**What is expected**
Take the material below and extract the lines from the one with "18 T-Roc Rear" through the one with "Silver Leaf Tray", word for word, without pictures.

**The data**

· · ·

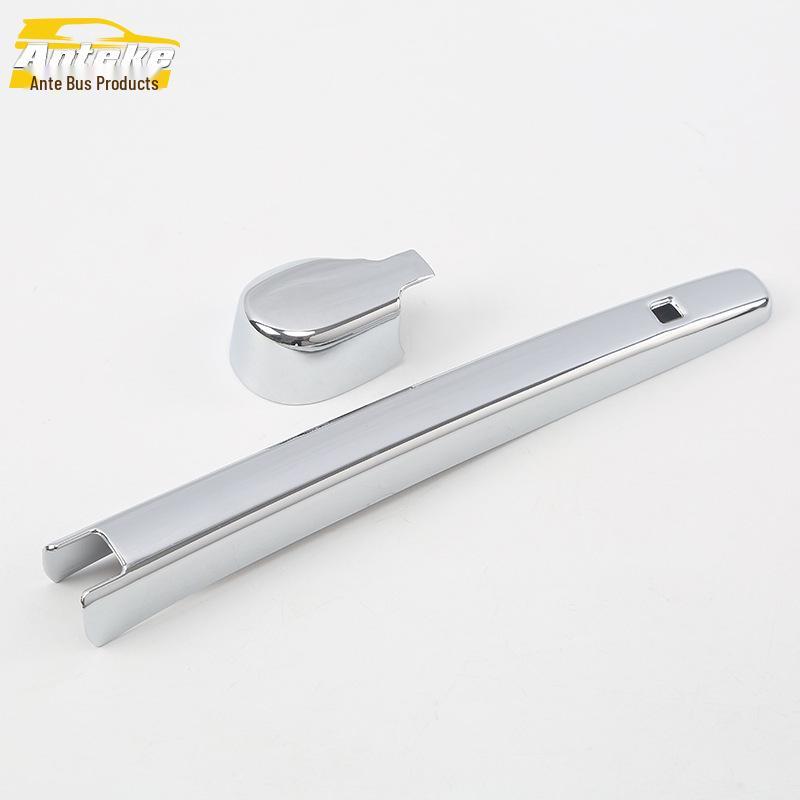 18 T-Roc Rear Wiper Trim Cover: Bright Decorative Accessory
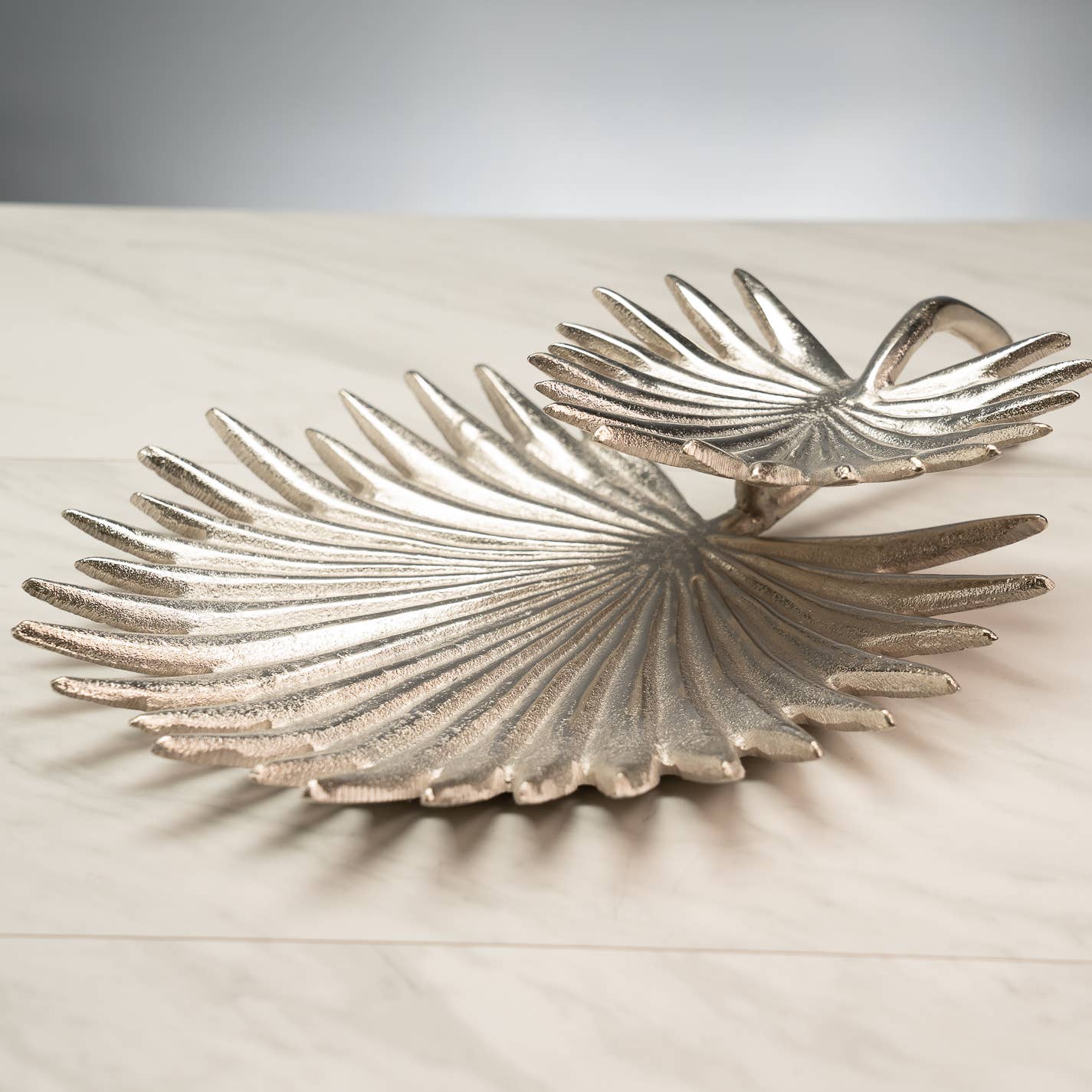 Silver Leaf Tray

· · ·

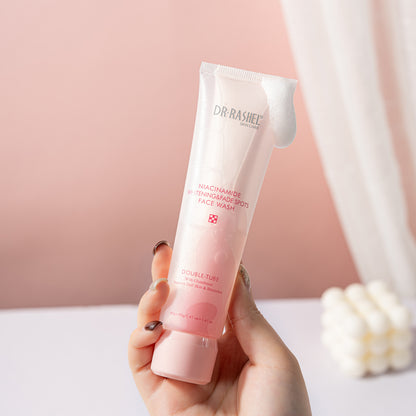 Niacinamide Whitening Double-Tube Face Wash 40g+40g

· · ·

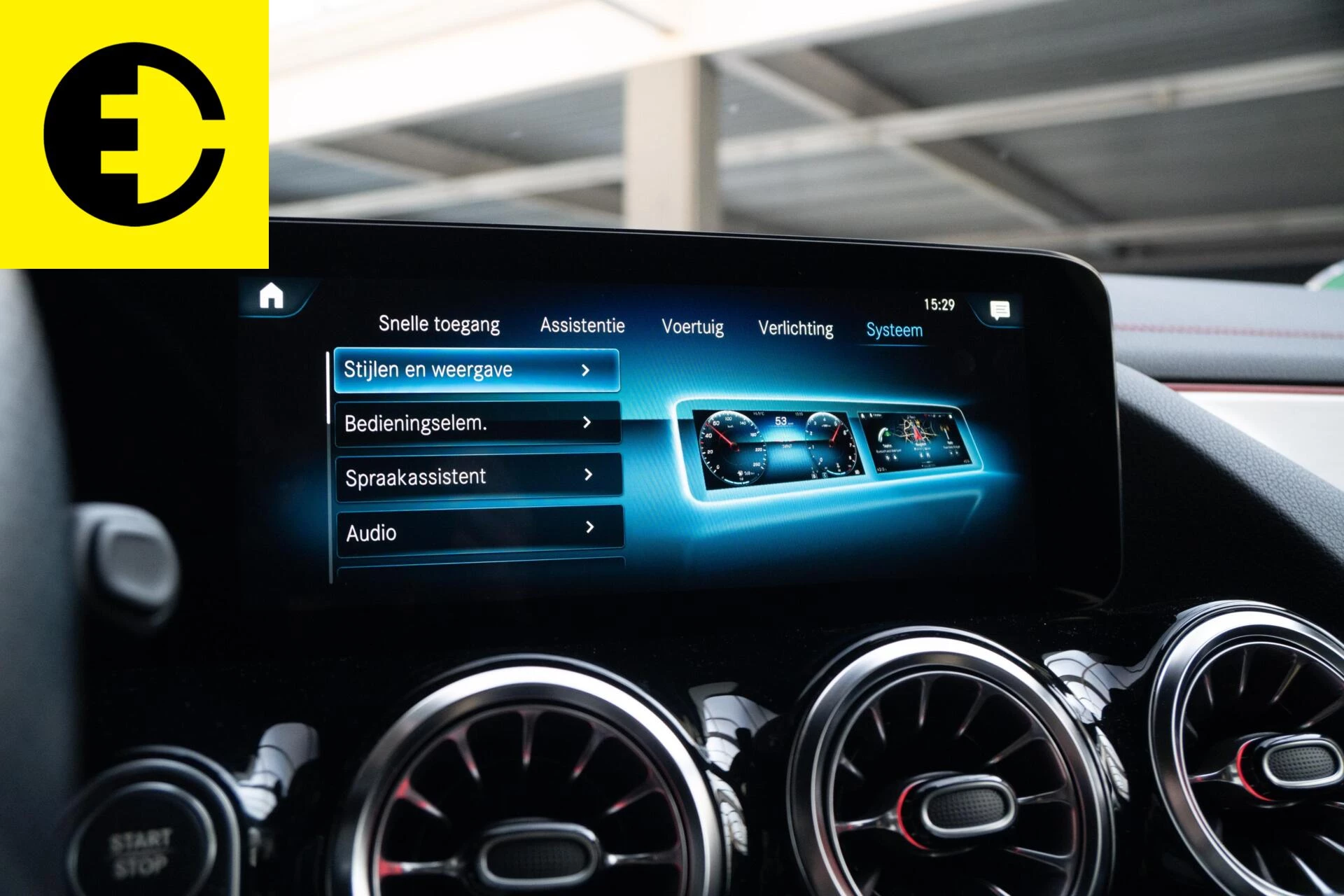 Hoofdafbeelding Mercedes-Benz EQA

· · ·

**Finished exercise**
 18 T-Roc Rear Wiper Trim Cover: Bright Decorative Accessory
 Silver Leaf Tray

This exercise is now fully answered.